Incendie de Saint-Denis : Quand le marché libre sème la mort09/02/20012001Journal/medias/journalnumero/images/2001/02/une-1700.gif.445x577_q85_box-0%2C13%2C166%2C228_crop_detail.jpg

Leur société

Incendie de Saint-Denis : Quand le marché libre sème la mort

Au moins sept personnes dont cinq enfants sont mortes dans l'incendie d'un taudis de Saint-Denis dans la nuit du 2 au 3 février. Le feu est peut-être d'origine criminelle, disent les enquêteurs, peut-être l'oeuvre d'un de ces margoulins qui rackettent les locataires de logements vétustes. Cela souligne crûment la responsabilité des propriétaires qui contraignent des femmes, des hommes et des enfants à vivre dans les conditions où s'entassaient les locataires de cet immeuble. Mais aussi, de manière plus générale, la responsabilité du marché dit libre, qui génère une telle situation.

Une centaine d'habitants, en majorité originaires du Congo, d'Afrique du Nord ou du Cap Vert, y habitaient. Les pompiers ont décrit ces F3 où vivent une dizaine de personnes, dormant à cinq ou six dans la cuisine et autant dans la salle de séjour. Les locataires payaient, probablement fort cher, le droit de s'entasser ainsi, à des propriétaires qui se contentaient d'empocher les loyers sans se soucier aucunement des conditions d'hygiène et de sécurité minimum.
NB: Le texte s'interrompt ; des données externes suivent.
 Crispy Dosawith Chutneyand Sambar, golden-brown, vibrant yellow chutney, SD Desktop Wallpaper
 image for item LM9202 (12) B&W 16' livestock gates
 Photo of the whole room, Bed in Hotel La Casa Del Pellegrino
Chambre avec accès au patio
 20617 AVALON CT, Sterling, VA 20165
Mais si des travailleurs, pourtant régulièrement employés et parfois depuis des années, en sont réduits à se livrer à ces marchands de sommeil, c'est bien parce qu'ils n'ont pas d'autre choix. La pénurie de logements a créé une situation extrêmement difficile pour les plus démunis, qui ont bien du mal à réunir les garanties, de plus en plus exorbitantes, qui leur sont réclamées. Il faut disposer de fiches de paye et d'un salaire suffisant, et avoir de l'argent d'avance pour les cautions. Les margoulins, qui prospèrent sur les plus démunis, se sentent encore plus en situation d'impunité avec les locataires dont ils savent que les papiers ne sont pas en règle. Pourquoi se soucieraient-ils de fournir des logements décents et bien entretenus à des locataires qui n'ont pas la possibilité d'exercer un recours ? Disposer d'un toit décent reste encore un cauchemar pour une partie de la population, et cela à une époque où un bâtiment aussi élaboré que le grand stade de Saint-Denis, qui jouxte presque l'immeuble ravagé par les flammes, a pu être construit en un rien de temps.
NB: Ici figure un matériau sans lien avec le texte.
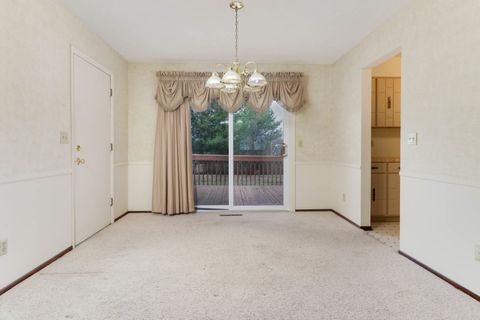 Tiny photo for 105 S Devonshire Drive, Bloomington, IL 61704 (MLS # 12538121)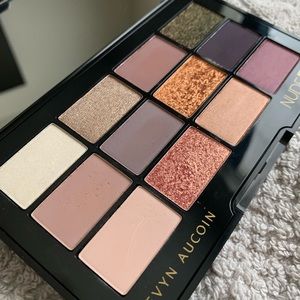 Kevyn Aucoin Nude Pop Eyeshadow Palette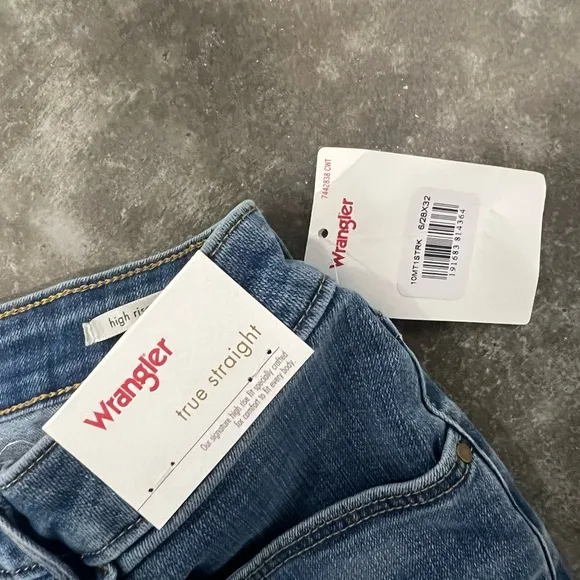 Wrangler Blue Straight Leg Jeans Classic Denim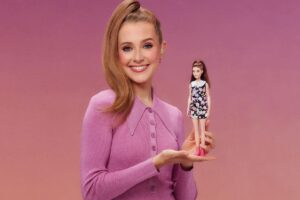 Rose Ayling-Elis, uma atriz britânica com deficiência auditiva, estrela a campanha da nova boneca da Barbie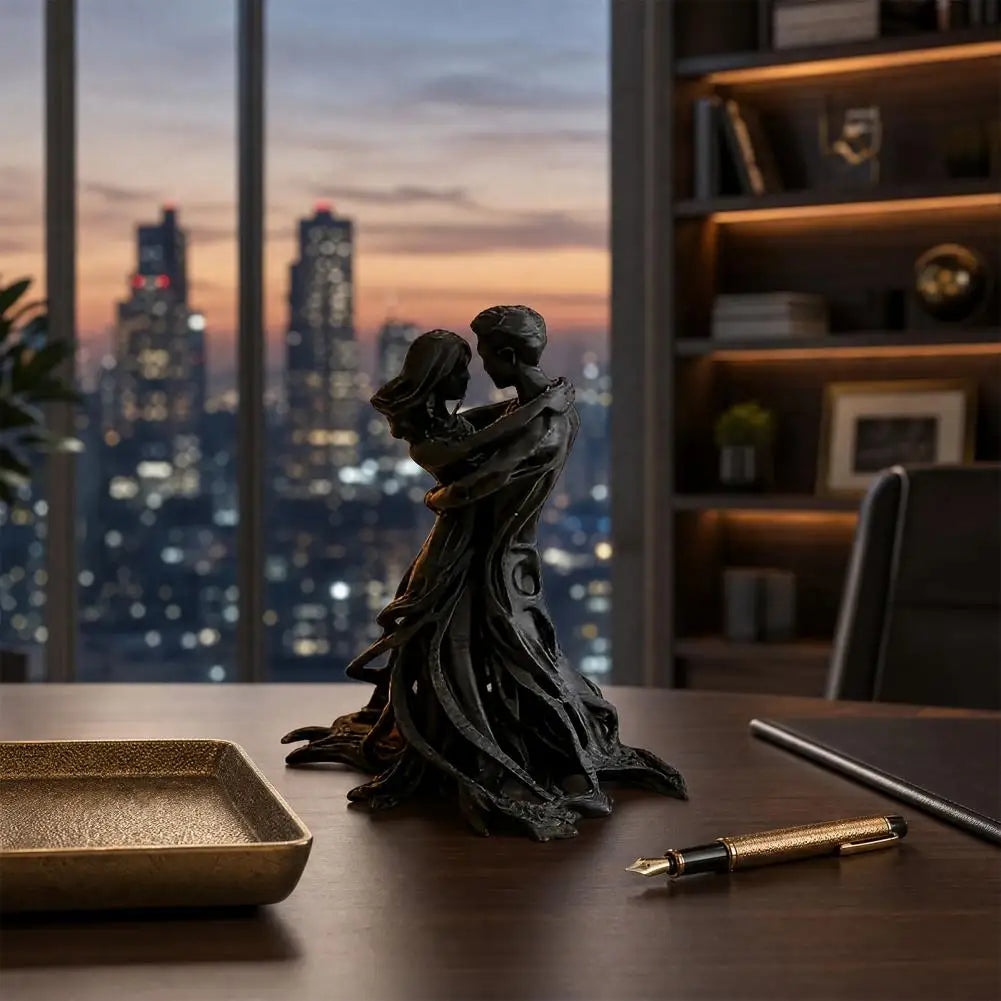 3D Printed Couple Embrace Statue – Wedding Decor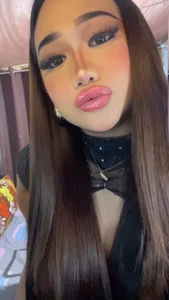 Lustsaintmolly Public Pic 2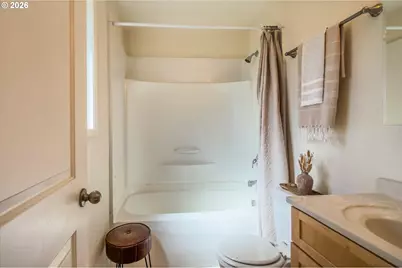 1125 Augustine Ave, Coos Bay, OR 97420 - Photo 11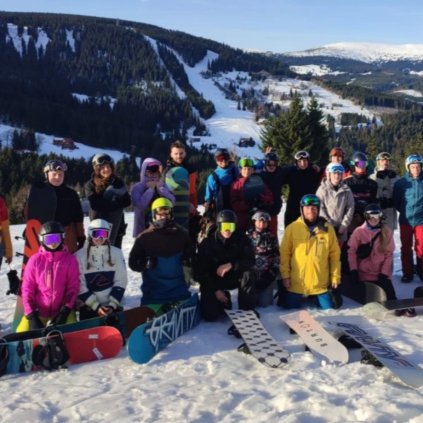 Kurz základů snowboardingu 2025 (Cílová skupina Student FTVS UK)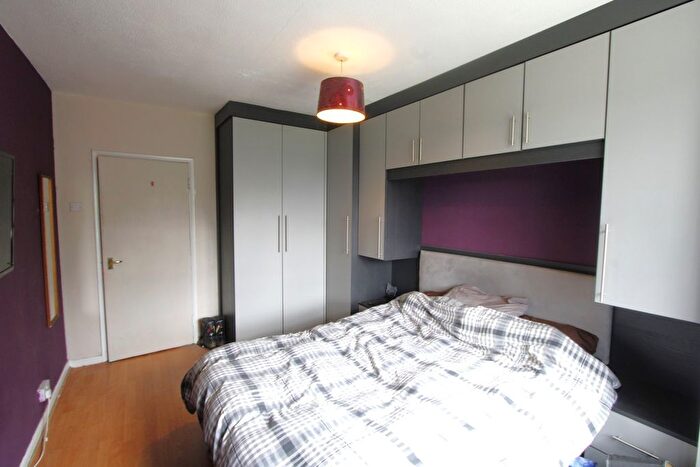 2 Bedroom Flat For Sale In Heatherfield, Bolton, BL1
L'insalubrité dans laquelle se débattent les habitants de ces taudis est connue des pouvoirs publics. Mais les recours existants, même pour une municipalité, sont difficiles et longs, comme l'a souligné le maire de Saint-Denis.

Les lois sont d'abord faites pour protéger la propriété privée de ceux qui ont des biens, immobiliers ou autres. Elles ne sont pas faites pour contraindre les propriétaires, même quand il s'agit d'escrocs sans scrupules. En revanche la loi fonctionne quand il s'agit de procéder à des saisies ou à des expulsions contre des travailleurs dans l'embarras et incapables de régler des loyers impayés.